Schröder, Münchmeyer, Hengst & Co. (also known as SMH) was a German investment bank and private bank based in Hamburg, Germany. The firm was acquired in 1997 by UBS and the brand was eliminated in 2001.

==History==
Schröder, Münchmeyer, Hengst was formed through the 1969 merger of three German banks: Schröder Gebrüder & Co., Münchmeyer & Co. and Friedrich Hengst & Co. (formerly known as Bank Siegmund Merzbach).

SMH ran into serious difficulties in 1983 when it found itself overexposed to loans made to affiliated companies in Luxembourg. When one of the companies, a building machinery business, failed the entire firm failed. The Deutsche Bundesbank and the German regulators brought together the bank's management and creditors to resolve the situation. Under pressure from the German regulators, the creditors ultimately agreed to a number of extensions and forgave a portion of the debt while management sought to sell its assets.

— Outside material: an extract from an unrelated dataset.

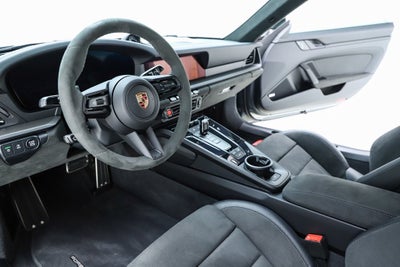 2025 Porsche 911 Carrera 4 GTS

SMH sold its investment banking and other profitable businesses to Lloyds Bank.

In 1997, SMH was acquired from Lloyds by Union Bank of Switzerland in order to further penetrate the German investment banking market as well as the market for wealthy private clients.

Initially it was intended that SMH would retain its own identity. However, after the merger of Union Bank of Switzerland with Swiss Bank Corporation in 1998, the combined UBS began consolidating its diverse brands. In 2001, the bank dropped the use of the Schroeder, Muenchmeyer brand and the SMH stallion disappeared from the German banking landscape.